# [Aim of the task]
Where the records below have a line with "Laurent", that line is to be copied.

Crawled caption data
= = =
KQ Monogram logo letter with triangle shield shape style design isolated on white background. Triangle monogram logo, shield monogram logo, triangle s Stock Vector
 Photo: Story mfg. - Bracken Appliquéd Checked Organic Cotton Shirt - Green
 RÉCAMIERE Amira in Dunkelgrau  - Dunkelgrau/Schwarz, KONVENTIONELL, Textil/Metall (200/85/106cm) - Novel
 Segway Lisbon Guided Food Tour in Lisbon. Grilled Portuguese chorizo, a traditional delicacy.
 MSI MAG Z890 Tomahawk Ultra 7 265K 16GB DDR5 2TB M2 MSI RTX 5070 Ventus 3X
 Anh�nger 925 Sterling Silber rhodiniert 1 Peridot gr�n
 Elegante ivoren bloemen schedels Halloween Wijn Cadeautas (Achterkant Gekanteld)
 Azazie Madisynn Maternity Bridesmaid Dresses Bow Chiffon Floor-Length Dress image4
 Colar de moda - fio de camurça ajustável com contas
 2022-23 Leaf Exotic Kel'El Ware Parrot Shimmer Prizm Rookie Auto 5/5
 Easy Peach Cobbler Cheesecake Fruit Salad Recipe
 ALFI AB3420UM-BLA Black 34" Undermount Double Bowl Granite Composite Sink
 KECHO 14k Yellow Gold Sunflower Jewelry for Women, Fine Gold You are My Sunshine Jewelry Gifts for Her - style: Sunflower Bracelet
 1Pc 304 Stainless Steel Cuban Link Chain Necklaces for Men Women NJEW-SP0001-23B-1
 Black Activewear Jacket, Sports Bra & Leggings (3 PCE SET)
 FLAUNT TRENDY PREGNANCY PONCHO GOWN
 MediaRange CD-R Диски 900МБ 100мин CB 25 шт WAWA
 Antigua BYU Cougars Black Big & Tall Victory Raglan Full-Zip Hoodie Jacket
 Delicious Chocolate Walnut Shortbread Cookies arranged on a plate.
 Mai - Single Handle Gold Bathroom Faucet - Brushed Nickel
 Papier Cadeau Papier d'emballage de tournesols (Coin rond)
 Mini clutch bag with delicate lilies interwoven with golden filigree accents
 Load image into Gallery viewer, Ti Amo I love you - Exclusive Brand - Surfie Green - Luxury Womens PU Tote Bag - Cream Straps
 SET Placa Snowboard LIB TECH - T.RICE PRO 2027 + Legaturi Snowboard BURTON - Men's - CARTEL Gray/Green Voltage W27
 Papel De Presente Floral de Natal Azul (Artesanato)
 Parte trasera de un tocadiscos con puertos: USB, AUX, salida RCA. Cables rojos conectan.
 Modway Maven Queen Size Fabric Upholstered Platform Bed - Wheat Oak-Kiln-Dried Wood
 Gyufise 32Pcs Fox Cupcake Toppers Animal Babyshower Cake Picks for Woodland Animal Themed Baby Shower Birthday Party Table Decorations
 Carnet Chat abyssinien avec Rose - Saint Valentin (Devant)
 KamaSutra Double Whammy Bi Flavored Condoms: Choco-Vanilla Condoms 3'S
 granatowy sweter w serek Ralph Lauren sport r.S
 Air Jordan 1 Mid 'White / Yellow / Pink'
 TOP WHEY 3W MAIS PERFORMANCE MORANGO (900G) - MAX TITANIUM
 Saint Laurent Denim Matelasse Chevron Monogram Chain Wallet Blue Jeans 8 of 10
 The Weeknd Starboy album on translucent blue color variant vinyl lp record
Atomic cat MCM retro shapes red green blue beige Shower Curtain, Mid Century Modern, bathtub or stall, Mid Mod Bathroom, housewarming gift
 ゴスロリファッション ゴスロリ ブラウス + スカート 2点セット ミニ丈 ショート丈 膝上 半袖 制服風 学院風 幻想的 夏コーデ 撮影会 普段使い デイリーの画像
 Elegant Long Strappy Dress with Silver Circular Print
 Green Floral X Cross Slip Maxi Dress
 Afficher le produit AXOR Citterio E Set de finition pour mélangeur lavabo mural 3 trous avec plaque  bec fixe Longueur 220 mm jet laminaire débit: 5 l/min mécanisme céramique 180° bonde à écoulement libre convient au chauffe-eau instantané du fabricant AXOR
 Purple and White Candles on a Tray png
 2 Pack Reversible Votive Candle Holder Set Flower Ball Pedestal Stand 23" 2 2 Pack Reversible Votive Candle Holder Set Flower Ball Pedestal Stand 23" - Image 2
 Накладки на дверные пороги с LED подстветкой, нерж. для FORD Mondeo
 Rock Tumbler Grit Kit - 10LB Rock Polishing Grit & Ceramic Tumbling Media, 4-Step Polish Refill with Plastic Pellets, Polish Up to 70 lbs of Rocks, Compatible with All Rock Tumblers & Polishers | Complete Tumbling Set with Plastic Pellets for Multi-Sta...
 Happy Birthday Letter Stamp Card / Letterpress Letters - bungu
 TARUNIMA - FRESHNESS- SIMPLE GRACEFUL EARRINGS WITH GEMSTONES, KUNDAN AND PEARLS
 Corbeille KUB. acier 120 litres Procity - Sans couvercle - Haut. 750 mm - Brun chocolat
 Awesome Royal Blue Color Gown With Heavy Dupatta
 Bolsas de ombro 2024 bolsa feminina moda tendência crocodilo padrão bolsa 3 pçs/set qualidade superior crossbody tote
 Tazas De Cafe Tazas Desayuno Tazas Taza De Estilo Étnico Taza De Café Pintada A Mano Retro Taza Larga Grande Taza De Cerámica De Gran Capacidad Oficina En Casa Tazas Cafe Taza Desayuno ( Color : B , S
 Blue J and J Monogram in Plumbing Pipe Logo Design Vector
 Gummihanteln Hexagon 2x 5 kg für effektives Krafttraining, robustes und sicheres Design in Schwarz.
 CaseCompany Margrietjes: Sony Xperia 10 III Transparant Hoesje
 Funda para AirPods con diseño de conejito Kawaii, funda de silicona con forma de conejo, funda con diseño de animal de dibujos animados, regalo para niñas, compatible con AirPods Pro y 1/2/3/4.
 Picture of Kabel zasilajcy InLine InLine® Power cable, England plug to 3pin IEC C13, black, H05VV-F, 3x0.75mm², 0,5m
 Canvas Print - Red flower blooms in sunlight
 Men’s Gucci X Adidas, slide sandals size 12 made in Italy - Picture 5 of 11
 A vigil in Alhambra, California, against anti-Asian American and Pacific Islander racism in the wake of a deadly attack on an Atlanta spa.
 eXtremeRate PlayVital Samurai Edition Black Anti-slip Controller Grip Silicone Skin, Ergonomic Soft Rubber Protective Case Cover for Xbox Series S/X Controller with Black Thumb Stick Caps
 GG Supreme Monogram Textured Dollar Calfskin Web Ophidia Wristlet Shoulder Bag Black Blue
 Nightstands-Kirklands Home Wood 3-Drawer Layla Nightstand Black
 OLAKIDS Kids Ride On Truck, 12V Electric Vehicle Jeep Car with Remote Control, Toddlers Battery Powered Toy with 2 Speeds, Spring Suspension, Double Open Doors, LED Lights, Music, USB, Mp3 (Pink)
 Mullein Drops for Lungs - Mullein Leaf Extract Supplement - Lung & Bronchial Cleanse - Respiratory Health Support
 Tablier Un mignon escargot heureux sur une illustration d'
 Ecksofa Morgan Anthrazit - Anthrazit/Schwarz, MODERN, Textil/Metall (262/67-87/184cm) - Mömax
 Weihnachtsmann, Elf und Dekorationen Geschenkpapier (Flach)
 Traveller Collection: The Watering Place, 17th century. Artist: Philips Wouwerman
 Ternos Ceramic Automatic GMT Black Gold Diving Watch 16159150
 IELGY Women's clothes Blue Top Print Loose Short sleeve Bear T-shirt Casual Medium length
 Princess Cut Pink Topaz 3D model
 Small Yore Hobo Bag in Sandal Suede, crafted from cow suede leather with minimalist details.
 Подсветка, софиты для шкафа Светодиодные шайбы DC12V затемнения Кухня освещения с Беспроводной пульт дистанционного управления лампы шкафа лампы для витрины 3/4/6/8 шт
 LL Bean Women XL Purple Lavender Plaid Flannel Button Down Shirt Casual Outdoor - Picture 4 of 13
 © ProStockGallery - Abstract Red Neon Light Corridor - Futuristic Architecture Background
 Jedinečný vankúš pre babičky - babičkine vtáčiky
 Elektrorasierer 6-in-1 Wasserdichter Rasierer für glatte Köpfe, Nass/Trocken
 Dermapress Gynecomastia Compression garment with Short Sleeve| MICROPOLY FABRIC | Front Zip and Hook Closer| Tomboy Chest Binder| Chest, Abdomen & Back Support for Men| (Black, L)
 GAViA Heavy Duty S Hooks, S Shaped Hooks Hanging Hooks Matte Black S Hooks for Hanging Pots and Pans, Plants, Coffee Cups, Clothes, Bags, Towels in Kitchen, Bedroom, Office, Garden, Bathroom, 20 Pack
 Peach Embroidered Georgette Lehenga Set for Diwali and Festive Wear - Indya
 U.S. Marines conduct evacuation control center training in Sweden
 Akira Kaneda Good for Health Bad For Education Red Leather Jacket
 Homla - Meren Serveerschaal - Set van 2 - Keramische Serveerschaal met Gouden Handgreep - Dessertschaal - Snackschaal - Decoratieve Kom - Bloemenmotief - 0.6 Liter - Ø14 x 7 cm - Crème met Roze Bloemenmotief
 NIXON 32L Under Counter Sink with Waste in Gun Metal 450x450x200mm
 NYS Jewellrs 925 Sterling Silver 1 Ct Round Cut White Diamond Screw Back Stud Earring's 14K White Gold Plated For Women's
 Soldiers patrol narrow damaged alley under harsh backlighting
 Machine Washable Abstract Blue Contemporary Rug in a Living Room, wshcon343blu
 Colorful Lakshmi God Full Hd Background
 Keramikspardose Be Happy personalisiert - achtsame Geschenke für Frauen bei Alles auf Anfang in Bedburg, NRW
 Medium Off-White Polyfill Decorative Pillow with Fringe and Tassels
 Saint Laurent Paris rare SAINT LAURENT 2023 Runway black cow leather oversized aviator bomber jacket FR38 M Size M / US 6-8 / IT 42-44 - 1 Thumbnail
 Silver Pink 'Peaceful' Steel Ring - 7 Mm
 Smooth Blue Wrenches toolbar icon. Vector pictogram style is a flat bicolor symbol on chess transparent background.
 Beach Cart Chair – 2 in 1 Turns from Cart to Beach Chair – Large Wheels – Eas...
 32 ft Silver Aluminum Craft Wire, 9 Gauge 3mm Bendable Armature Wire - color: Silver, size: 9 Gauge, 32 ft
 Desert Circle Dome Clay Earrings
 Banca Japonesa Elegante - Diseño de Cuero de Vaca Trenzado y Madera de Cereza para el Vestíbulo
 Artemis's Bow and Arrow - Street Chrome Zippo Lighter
= = =
# [Finished task]
 Saint Laurent Denim Matelasse Chevron Monogram Chain Wallet Blue Jeans 8 of 10
 Saint Laurent Paris rare SAINT LAURENT 2023 Runway black cow leather oversized aviator bomber jacket FR38 M Size M / US 6-8 / IT 42-44 - 1 Thumbnail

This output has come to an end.